Science

'Ancient visual paths' guide blind man through obstacle course: study

A man who is clinically blind was able to navigate an obstacle course successfully, European researchers say in a study to be released Tuesday.

A man who is clinically blind was able to navigate an obstacle course successfully using "ancient visual paths," European researchers say in a study to be released Tuesday.

The Swiss patient, a doctor known as TN, was left blind after consecutive strokes. Tests showed he had no activity in the visual cortex, the main region of the brain that processes what people see. The man had selective damage to the visual cortex in both sides of the brain.

"This is absolutely the first study of this ability in humans," said Beatrice de Gelder of Tilburg University, the Netherlands, and of the Martinos Center for Biomedical Imaging at Harvard in Massachusetts.

"We see what humans can do, even with no awareness of seeing or any intentional avoidance of obstacles. It shows us the importance of these evolutionarily ancient visual paths. They contribute more than we think they do for us to function in the real world."

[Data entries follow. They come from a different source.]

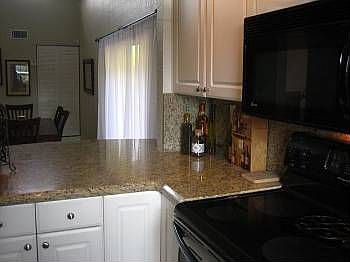 1st image of 3041 NE 13th Ave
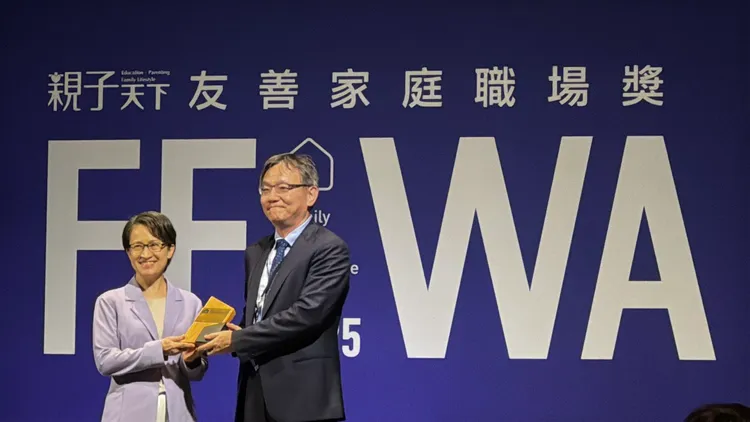 中華汽車榮獲親子天下友善家庭職場獎 ，蕭美琴副總統親自頒發獎項。業者提供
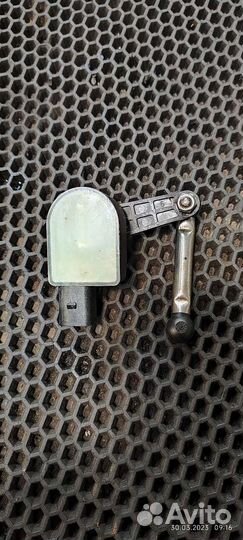 Датчик положения кузова 1T0907503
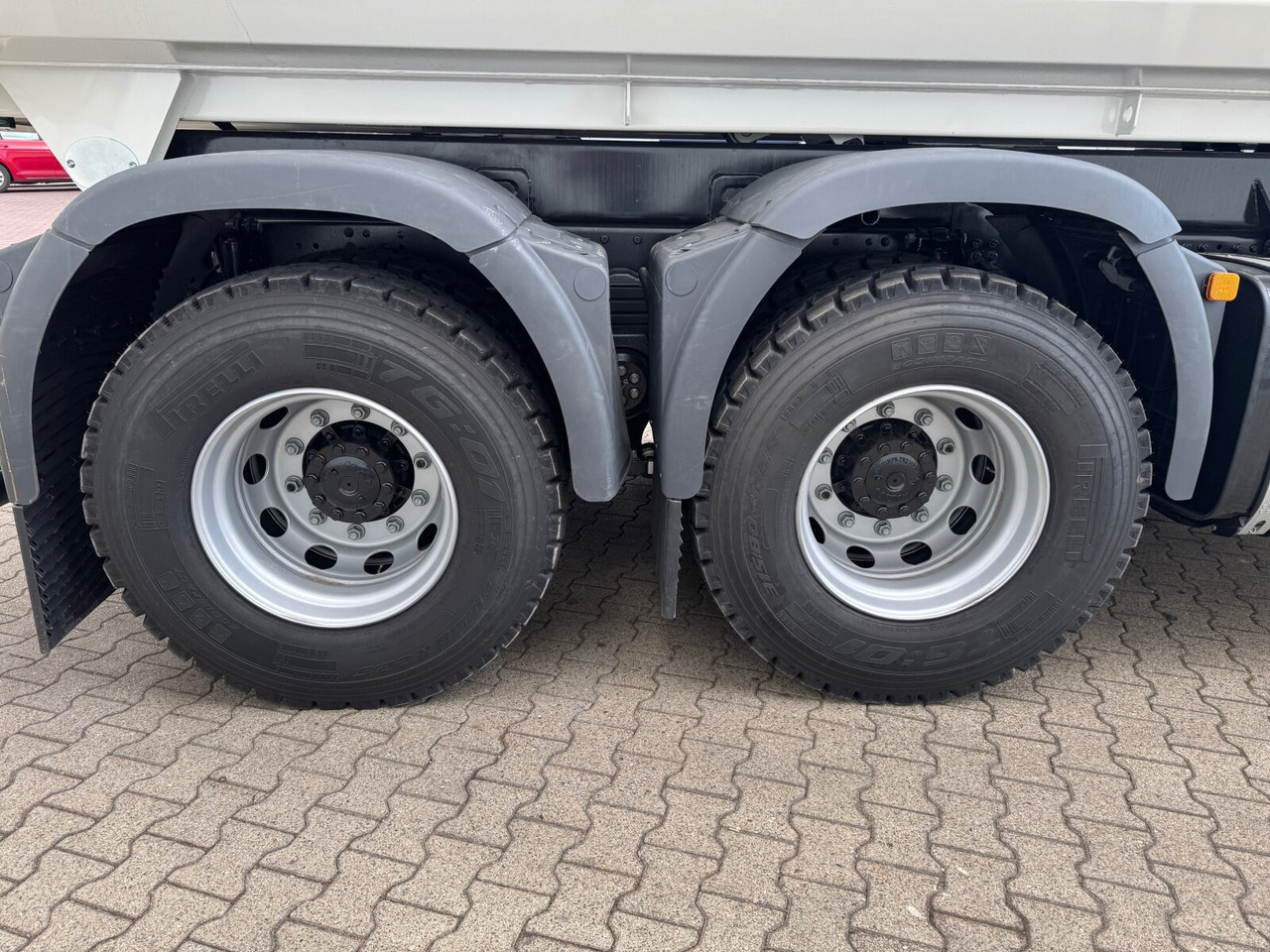 MAN TGS 41.440/480 8x4 BB TGS 41.440/480 8x4 BB, Mulde ca. 16m³ mit hydraulischer Heckklappe, mehrfach VORHANDEN - Caminhão chassi: foto 4 MAN TGS 41.440/480 8x4 BB TGS 41.440/480 8x4 BB, Mulde ca. 16m³ mit hydraulischer Heckklappe, mehrfach VORHANDEN - Caminhão chassi: foto 4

Preliminary tests showed TN had blindsight — the ability to detect things in the environment without being aware of seeing them. Tests monitoring activity in his brain showed that he responded to facial expressions of fear, anger and joy in others.

In Tuesday's issue of the journal Current Biology, de Gelder and her colleagues described tests of TN's navigational ability.

Applause for collision-free result

TN usually uses a stick to track obstacles and someone helps to guide him when he walks around buildings. The researchers built an obstacle course of randomly arranged boxes and chairs, and asked him to cross it without using his cane or the help of someone else.

"An experimenter always followed behind him during his traversing the course in case of a fall or collision, which seemed a real possibility given his clinical blindness," the study's authors wrote.

"Astonishingly, he negotiated it perfectly and never once collided with any obstacle, as witnessed by several colleagues who applauded spontaneously when he completed the course."

It is theoretically possible that TN used sound waves instead of sight as a guide, the researchers said. But they added it is unlikely since no sounds were detected from the people or objects, and he navigated the course more accurately than humans can do using sounds.

The experiment suggested that the brain has alternative visual paths that allow people to orient themselves to obstacles.

"All the time, we are using hidden resources of our brain and doing things we think we are unable to do," de Gelder said.

"There is much that patients can do outside the grip of their being too aware of what they cannot do."

The findings are important because they help us to understand how vision might have evolved, said Colin Ellard, associate chair of the department of psychology at the University of Waterloo in Ontario.

Visual ability without consciousness

People tend to think vision works like a camera, with light coming in through the eye, forming an image on the retina, and the brain reconstructing a mental image.

But parts of our visual system do not need consciousness, such as how the size of the pupil changes in response to different levels of illumination, Ellard said.

Our brains are organized with relatively independent systems solving problems such as reaching out and grabbing an object, understanding a facial expression or judging if a fruit is ripe.

"So a brain lesion that makes it impossible for a patient to 'see' in the everyday sense of that word might leave intact all kinds of interesting visual abilities that don't involve consciousness at all," Ellard said in an e-mail. "That's what we're seeing in this patient."

This study highlights how these different abilities depend on different parts of the brain, he said.

Similar findings were reported in Helen, a monkey with damage in both sides of the brain. In the monkey's case, the lesion was not absolutely complete in one hemisphere, so researchers surmised a small region of intact vision in the far periphery of the right visual field added some ambiguity to the animal's obstacle course performance.